In theory, transmitting data using light seems highly efficient, but in practice the signal must pass through the Earth's atmosphere. It is the atmosphere that proves to be one of the greatest challenges: temperature variations, air mass movements and wind cause turbulence that disrupts the propagation of the light beam. The main atmospheric effects include fluctuations in light intensity, slight but chaotic deviations in the direction of transmission, and a loss of the beam's spatial uniformity – explains dr Czerwiński.
The researchers have developed a model that takes into account the key factors affecting connection quality. The analysis took into account light absorption and scattering in the atmosphere, losses resulting from beam geometry, transmitter and receiver alignment errors, and random fluctuations in signal strength. This made it possible to realistically estimate how much secure data can be transmitted under various weather and technical conditions.
Particular attention was paid to the impact of wind-induced atmospheric turbulence.

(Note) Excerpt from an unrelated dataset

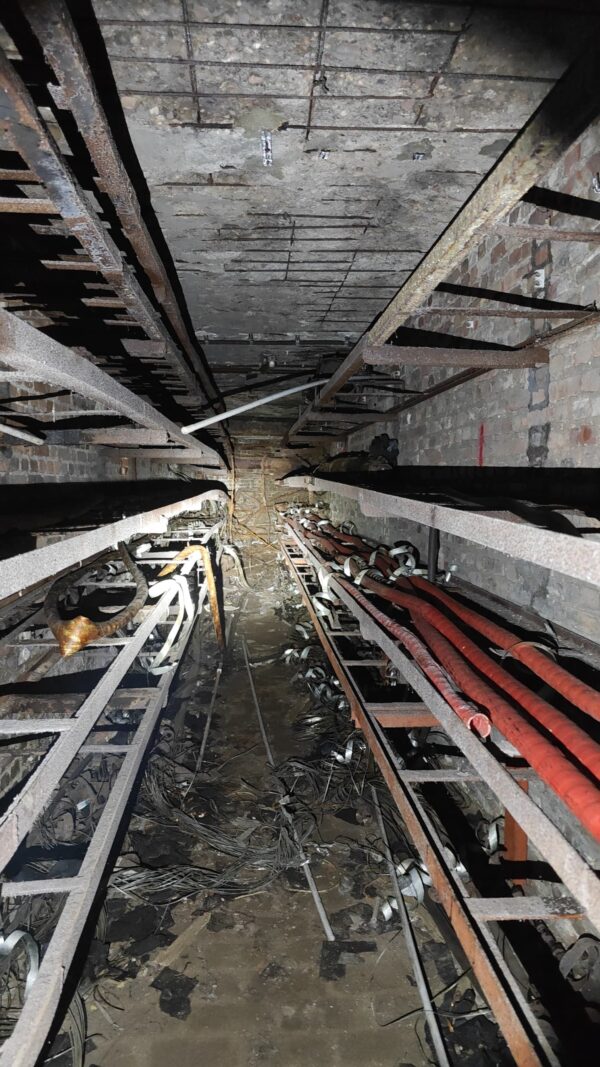 Mine buildings - Image 3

– We compared situations where atmospheric conditions were relatively stable with cases involving more severe atmospheric disturbances. The results showed that an increase in turbulence can significantly reduce the efficiency of secure transmission. The more unstable the atmosphere, the more difficult it is to maintain a high-quality optical link – explains dr Czerwiński.
Secure satellite communications thanks to Polish technology
In addition to changing weather conditions, the study took into account the presence of a third party – an eavesdropper – who, using their own telescope, could intercept part of the optical signal. It turns out that the OKD protocol ensures the generation of a secure cryptographic key even in a situation where the eavesdropper has an advantage resulting, for example, from better atmospheric conditions or a larger receiving telescope.
We have taken into account various configurations of parameters describing the role of the eavesdropper, as well as different scenarios relating to measurement noise and error correction schemes on the receiver's side. Of course, each of these parameters can significantly affect the length of the cryptographic key, but even assuming an advantage on the eavesdropper's side, secure communication is still possible – says dr Czerwiński.
An interesting conclusion can be drawn from a comparison of the results obtained using the OKD protocol with those obtained using quantum key distribution (QKD). The study by the Nicolaus Copernicus University researchers showed that the OKD method allows for the generation of a cryptographic key up to ten times longer than that produced by QKD, even under very adverse conditions.
– Our research has shown that quantum technologies are not the only avenue for development in the field of cybersecurity. OKD is a new and promising method for the secure exchange of information, and our study provides key insights into the performance of this protocol in satellite environments, explains dr Czerwiński. – Understanding the impact of turbulence, noise and transmission errors can help in building more reliable and secure next-generation communication networks. Technologies of this type may play a significant role in the future in global encrypted communication systems linking satellites, data centres and terrestrial telecommunications networks.